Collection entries

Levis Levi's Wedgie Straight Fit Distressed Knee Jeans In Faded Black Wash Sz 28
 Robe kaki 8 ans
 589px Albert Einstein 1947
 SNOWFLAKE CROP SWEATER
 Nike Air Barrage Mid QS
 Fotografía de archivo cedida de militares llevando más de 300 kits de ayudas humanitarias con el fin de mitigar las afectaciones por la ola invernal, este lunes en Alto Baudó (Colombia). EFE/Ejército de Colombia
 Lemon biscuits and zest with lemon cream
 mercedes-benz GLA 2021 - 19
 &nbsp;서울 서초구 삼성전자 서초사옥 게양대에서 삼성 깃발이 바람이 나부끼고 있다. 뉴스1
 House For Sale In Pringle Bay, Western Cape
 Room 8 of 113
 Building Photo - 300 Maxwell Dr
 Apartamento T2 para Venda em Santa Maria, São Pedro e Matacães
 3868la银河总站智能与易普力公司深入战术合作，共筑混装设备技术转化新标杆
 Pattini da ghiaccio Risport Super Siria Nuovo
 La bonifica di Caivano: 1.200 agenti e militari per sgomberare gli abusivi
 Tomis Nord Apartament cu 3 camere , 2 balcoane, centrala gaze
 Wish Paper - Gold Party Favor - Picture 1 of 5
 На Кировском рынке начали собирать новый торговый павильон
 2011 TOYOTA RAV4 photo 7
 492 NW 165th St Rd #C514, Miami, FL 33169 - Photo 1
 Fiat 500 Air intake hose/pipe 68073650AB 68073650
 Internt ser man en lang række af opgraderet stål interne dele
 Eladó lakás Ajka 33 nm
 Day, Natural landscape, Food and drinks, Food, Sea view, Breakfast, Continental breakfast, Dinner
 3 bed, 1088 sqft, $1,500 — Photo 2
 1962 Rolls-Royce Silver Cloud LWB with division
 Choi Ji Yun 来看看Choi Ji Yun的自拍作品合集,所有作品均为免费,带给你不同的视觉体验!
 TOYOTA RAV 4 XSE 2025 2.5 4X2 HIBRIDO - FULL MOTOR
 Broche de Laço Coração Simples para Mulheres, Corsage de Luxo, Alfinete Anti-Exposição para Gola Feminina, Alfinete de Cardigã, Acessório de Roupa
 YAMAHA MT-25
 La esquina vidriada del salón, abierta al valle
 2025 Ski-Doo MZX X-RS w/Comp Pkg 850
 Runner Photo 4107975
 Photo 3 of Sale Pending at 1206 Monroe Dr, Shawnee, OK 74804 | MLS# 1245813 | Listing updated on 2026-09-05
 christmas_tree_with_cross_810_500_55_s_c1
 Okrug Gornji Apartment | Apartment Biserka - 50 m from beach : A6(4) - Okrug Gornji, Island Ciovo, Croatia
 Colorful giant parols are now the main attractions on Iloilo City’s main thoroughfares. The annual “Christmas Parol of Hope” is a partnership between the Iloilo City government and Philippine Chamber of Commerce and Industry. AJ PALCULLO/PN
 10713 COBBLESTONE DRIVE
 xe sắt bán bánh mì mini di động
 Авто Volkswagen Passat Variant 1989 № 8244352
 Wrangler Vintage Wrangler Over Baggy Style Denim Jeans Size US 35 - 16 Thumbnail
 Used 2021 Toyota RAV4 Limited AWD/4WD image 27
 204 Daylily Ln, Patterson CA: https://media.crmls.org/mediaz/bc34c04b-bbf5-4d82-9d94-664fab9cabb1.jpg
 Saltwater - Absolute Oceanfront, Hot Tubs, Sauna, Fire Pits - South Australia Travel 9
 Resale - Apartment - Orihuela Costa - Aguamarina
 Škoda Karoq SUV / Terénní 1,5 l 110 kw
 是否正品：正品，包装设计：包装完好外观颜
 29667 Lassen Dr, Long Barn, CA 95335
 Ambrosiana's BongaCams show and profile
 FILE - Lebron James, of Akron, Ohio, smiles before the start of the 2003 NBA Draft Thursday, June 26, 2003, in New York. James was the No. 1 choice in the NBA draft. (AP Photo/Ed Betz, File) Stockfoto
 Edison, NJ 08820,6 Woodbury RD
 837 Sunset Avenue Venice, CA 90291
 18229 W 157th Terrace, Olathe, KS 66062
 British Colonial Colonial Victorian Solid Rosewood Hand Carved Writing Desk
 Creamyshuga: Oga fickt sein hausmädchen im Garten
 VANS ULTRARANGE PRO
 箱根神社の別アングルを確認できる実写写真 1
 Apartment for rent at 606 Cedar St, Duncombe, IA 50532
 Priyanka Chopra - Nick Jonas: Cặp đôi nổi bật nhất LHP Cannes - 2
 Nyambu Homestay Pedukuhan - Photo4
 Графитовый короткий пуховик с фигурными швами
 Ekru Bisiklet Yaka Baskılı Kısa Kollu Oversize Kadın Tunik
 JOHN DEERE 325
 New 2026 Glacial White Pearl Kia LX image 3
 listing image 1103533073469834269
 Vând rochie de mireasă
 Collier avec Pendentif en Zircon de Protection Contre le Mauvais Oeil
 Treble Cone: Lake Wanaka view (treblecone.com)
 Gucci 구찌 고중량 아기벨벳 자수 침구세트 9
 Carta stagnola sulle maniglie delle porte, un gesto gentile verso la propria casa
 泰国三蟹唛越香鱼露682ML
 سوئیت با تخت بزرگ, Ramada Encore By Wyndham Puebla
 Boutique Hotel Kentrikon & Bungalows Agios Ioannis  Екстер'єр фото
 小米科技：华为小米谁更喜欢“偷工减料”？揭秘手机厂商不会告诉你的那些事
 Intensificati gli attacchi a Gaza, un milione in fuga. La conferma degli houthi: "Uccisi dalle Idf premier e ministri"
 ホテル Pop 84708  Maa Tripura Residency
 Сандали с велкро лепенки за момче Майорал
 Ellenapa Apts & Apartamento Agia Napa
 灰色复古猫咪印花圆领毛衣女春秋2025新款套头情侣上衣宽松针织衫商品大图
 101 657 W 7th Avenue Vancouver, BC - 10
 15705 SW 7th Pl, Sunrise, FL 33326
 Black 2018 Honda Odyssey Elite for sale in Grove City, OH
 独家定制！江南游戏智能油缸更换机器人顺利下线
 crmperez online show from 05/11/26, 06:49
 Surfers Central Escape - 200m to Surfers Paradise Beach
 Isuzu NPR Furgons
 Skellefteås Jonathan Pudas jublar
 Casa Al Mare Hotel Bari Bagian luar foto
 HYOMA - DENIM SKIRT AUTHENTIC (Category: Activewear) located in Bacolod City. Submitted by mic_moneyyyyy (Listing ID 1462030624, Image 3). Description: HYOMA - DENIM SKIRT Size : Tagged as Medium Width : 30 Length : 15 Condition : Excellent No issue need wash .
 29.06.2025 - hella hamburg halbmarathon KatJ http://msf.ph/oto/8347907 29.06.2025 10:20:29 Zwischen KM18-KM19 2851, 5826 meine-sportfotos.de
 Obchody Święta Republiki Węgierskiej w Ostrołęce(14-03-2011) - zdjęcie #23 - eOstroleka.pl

### [Task details]
The expected output is an exact copy of all the records above.

### [Answer to the exercise]
Levis Levi's Wedgie Straight Fit Distressed Knee Jeans In Faded Black Wash Sz 28
 Robe kaki 8 ans
 589px Albert Einstein 1947
 SNOWFLAKE CROP SWEATER
 Nike Air Barrage Mid QS
 Fotografía de archivo cedida de militares llevando más de 300 kits de ayudas humanitarias con el fin de mitigar las afectaciones por la ola invernal, este lunes en Alto Baudó (Colombia). EFE/Ejército de Colombia
 Lemon biscuits and zest with lemon cream
 mercedes-benz GLA 2021 - 19
 &nbsp;서울 서초구 삼성전자 서초사옥 게양대에서 삼성 깃발이 바람이 나부끼고 있다. 뉴스1
 House For Sale In Pringle Bay, Western Cape
 Room 8 of 113
 Building Photo - 300 Maxwell Dr
 Apartamento T2 para Venda em Santa Maria, São Pedro e Matacães
 3868la银河总站智能与易普力公司深入战术合作，共筑混装设备技术转化新标杆
 Pattini da ghiaccio Risport Super Siria Nuovo
 La bonifica di Caivano: 1.200 agenti e militari per sgomberare gli abusivi
 Tomis Nord Apartament cu 3 camere , 2 balcoane, centrala gaze
 Wish Paper - Gold Party Favor - Picture 1 of 5
 На Кировском рынке начали собирать новый торговый павильон
 2011 TOYOTA RAV4 photo 7
 492 NW 165th St Rd #C514, Miami, FL 33169 - Photo 1
 Fiat 500 Air intake hose/pipe 68073650AB 68073650
 Internt ser man en lang række af opgraderet stål interne dele
 Eladó lakás Ajka 33 nm
 Day, Natural landscape, Food and drinks, Food, Sea view, Breakfast, Continental breakfast, Dinner
 3 bed, 1088 sqft, $1,500 — Photo 2
 1962 Rolls-Royce Silver Cloud LWB with division
 Choi Ji Yun 来看看Choi Ji Yun的自拍作品合集,所有作品均为免费,带给你不同的视觉体验!
 TOYOTA RAV 4 XSE 2025 2.5 4X2 HIBRIDO - FULL MOTOR
 Broche de Laço Coração Simples para Mulheres, Corsage de Luxo, Alfinete Anti-Exposição para Gola Feminina, Alfinete de Cardigã, Acessório de Roupa
 YAMAHA MT-25
 La esquina vidriada del salón, abierta al valle
 2025 Ski-Doo MZX X-RS w/Comp Pkg 850
 Runner Photo 4107975
 Photo 3 of Sale Pending at 1206 Monroe Dr, Shawnee, OK 74804 | MLS# 1245813 | Listing updated on 2026-09-05
 christmas_tree_with_cross_810_500_55_s_c1
 Okrug Gornji Apartment | Apartment Biserka - 50 m from beach : A6(4) - Okrug Gornji, Island Ciovo, Croatia
 Colorful giant parols are now the main attractions on Iloilo City’s main thoroughfares. The annual “Christmas Parol of Hope” is a partnership between the Iloilo City government and Philippine Chamber of Commerce and Industry. AJ PALCULLO/PN
 10713 COBBLESTONE DRIVE
 xe sắt bán bánh mì mini di động
 Авто Volkswagen Passat Variant 1989 № 8244352
 Wrangler Vintage Wrangler Over Baggy Style Denim Jeans Size US 35 - 16 Thumbnail
 Used 2021 Toyota RAV4 Limited AWD/4WD image 27
 204 Daylily Ln, Patterson CA: https://media.crmls.org/mediaz/bc34c04b-bbf5-4d82-9d94-664fab9cabb1.jpg
 Saltwater - Absolute Oceanfront, Hot Tubs, Sauna, Fire Pits - South Australia Travel 9
 Resale - Apartment - Orihuela Costa - Aguamarina
 Škoda Karoq SUV / Terénní 1,5 l 110 kw
 是否正品：正品，包装设计：包装完好外观颜
 29667 Lassen Dr, Long Barn, CA 95335
 Ambrosiana's BongaCams show and profile
 FILE - Lebron James, of Akron, Ohio, smiles before the start of the 2003 NBA Draft Thursday, June 26, 2003, in New York. James was the No. 1 choice in the NBA draft. (AP Photo/Ed Betz, File) Stockfoto
 Edison, NJ 08820,6 Woodbury RD
 837 Sunset Avenue Venice, CA 90291
 18229 W 157th Terrace, Olathe, KS 66062
 British Colonial Colonial Victorian Solid Rosewood Hand Carved Writing Desk
 Creamyshuga: Oga fickt sein hausmädchen im Garten
 VANS ULTRARANGE PRO
 箱根神社の別アングルを確認できる実写写真 1
 Apartment for rent at 606 Cedar St, Duncombe, IA 50532
 Priyanka Chopra - Nick Jonas: Cặp đôi nổi bật nhất LHP Cannes - 2
 Nyambu Homestay Pedukuhan - Photo4
 Графитовый короткий пуховик с фигурными швами
 Ekru Bisiklet Yaka Baskılı Kısa Kollu Oversize Kadın Tunik
 JOHN DEERE 325
 New 2026 Glacial White Pearl Kia LX image 3
 listing image 1103533073469834269
 Vând rochie de mireasă
 Collier avec Pendentif en Zircon de Protection Contre le Mauvais Oeil
 Treble Cone: Lake Wanaka view (treblecone.com)
 Gucci 구찌 고중량 아기벨벳 자수 침구세트 9
 Carta stagnola sulle maniglie delle porte, un gesto gentile verso la propria casa
 泰国三蟹唛越香鱼露682ML
 سوئیت با تخت بزرگ, Ramada Encore By Wyndham Puebla
 Boutique Hotel Kentrikon & Bungalows Agios Ioannis  Екстер'єр фото
 小米科技：华为小米谁更喜欢“偷工减料”？揭秘手机厂商不会告诉你的那些事
 Intensificati gli attacchi a Gaza, un milione in fuga. La conferma degli houthi: "Uccisi dalle Idf premier e ministri"
 ホテル Pop 84708  Maa Tripura Residency
 Сандали с велкро лепенки за момче Майорал
 Ellenapa Apts & Apartamento Agia Napa
 灰色复古猫咪印花圆领毛衣女春秋2025新款套头情侣上衣宽松针织衫商品大图
 101 657 W 7th Avenue Vancouver, BC - 10
 15705 SW 7th Pl, Sunrise, FL 33326
 Black 2018 Honda Odyssey Elite for sale in Grove City, OH
 独家定制！江南游戏智能油缸更换机器人顺利下线
 crmperez online show from 05/11/26, 06:49
 Surfers Central Escape - 200m to Surfers Paradise Beach
 Isuzu NPR Furgons
 Skellefteås Jonathan Pudas jublar
 Casa Al Mare Hotel Bari Bagian luar foto
 HYOMA - DENIM SKIRT AUTHENTIC (Category: Activewear) located in Bacolod City. Submitted by mic_moneyyyyy (Listing ID 1462030624, Image 3). Description: HYOMA - DENIM SKIRT Size : Tagged as Medium Width : 30 Length : 15 Condition : Excellent No issue need wash .
 29.06.2025 - hella hamburg halbmarathon KatJ http://msf.ph/oto/8347907 29.06.2025 10:20:29 Zwischen KM18-KM19 2851, 5826 meine-sportfotos.de
 Obchody Święta Republiki Węgierskiej w Ostrołęce(14-03-2011) - zdjęcie #23 - eOstroleka.pl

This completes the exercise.